[Dataset excerpts]
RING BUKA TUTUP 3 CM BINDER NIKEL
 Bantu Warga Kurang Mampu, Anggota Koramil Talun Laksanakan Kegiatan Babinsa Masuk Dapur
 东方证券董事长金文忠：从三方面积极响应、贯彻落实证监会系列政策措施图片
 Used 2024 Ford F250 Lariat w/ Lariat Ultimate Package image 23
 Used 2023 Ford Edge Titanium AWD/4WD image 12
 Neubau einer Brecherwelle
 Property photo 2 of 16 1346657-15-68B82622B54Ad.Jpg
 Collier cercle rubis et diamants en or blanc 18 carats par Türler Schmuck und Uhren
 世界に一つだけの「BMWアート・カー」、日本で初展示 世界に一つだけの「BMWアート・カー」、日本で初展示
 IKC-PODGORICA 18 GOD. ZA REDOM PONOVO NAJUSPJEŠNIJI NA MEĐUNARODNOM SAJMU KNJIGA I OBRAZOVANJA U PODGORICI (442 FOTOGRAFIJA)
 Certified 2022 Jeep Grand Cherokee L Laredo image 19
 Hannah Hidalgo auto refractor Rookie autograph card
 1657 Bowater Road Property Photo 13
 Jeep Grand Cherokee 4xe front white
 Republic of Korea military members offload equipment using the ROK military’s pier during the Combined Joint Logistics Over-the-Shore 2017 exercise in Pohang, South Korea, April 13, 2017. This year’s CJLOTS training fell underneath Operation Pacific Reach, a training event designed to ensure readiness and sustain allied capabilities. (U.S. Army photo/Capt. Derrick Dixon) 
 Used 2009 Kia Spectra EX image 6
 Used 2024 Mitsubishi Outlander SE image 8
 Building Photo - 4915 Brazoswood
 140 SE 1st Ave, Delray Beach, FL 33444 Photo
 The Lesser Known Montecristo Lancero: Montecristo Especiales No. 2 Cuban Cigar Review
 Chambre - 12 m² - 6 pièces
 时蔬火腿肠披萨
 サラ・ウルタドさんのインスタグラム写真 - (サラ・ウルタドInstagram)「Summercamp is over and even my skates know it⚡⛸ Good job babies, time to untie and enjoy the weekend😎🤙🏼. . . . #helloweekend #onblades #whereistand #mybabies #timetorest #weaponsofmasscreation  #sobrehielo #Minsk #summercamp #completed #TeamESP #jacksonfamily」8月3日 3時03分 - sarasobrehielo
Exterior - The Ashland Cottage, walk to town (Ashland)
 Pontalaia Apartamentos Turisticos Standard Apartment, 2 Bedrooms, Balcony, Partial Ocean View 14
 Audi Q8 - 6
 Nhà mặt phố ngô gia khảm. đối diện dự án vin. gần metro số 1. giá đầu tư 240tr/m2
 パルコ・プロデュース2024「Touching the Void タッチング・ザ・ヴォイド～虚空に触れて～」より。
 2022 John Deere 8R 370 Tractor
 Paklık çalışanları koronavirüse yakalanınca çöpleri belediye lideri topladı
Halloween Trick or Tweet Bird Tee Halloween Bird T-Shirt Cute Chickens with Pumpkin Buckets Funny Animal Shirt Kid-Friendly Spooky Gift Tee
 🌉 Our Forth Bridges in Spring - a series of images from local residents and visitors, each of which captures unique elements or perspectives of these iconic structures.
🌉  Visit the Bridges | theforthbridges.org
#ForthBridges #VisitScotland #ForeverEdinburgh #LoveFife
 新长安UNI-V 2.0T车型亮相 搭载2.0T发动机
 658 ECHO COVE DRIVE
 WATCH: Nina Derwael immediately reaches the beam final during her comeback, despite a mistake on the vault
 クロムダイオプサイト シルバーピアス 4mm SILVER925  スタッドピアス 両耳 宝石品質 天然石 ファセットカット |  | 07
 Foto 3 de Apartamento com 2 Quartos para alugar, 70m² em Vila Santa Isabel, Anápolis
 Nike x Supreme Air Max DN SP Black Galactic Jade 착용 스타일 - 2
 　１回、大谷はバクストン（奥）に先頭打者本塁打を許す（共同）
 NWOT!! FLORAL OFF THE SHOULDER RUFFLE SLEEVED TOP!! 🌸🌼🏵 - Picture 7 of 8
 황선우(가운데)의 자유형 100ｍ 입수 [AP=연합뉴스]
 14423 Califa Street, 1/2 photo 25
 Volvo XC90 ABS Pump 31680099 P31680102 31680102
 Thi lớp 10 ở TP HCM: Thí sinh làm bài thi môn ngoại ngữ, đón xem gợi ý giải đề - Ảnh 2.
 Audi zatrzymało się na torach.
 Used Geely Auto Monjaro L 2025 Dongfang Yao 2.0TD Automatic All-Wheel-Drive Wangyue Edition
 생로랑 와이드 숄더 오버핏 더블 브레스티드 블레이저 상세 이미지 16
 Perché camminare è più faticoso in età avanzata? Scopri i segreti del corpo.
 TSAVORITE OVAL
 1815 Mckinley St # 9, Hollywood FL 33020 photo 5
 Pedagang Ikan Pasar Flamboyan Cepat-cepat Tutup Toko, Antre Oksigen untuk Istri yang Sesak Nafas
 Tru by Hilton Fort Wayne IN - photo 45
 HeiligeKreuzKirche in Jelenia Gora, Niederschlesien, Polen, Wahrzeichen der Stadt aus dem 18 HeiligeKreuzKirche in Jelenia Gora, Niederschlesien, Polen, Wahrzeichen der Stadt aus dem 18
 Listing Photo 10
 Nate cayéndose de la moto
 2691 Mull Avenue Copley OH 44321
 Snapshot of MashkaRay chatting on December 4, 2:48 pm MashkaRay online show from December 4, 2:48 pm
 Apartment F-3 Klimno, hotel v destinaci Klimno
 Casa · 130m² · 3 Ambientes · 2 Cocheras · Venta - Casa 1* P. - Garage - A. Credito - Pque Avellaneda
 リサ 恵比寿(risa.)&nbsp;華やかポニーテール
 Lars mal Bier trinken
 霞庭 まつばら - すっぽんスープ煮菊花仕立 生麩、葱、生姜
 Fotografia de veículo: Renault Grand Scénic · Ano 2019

:: ABOUT THIS TASK ::
Could you transcribe the entries above word for word, from the line with "サラ・ウルタドさんのインスタグラム写真 - (サラ・ウルタドInstagram)「Summercamp" down to the line with "Paklık çalışanları koronavirüse", keeping both?

:: COMPLETED EXERCISE ::
 サラ・ウルタドさんのインスタグラム写真 - (サラ・ウルタドInstagram)「Summercamp is over and even my skates know it⚡⛸ Good job babies, time to untie and enjoy the weekend😎🤙🏼. . . . #helloweekend #onblades #whereistand #mybabies #timetorest #weaponsofmasscreation  #sobrehielo #Minsk #summercamp #completed #TeamESP #jacksonfamily」8月3日 3時03分 - sarasobrehielo
Exterior - The Ashland Cottage, walk to town (Ashland)
 Pontalaia Apartamentos Turisticos Standard Apartment, 2 Bedrooms, Balcony, Partial Ocean View 14
 Audi Q8 - 6
 Nhà mặt phố ngô gia khảm. đối diện dự án vin. gần metro số 1. giá đầu tư 240tr/m2
 パルコ・プロデュース2024「Touching the Void タッチング・ザ・ヴォイド～虚空に触れて～」より。
 2022 John Deere 8R 370 Tractor
 Paklık çalışanları koronavirüse yakalanınca çöpleri belediye lideri topladı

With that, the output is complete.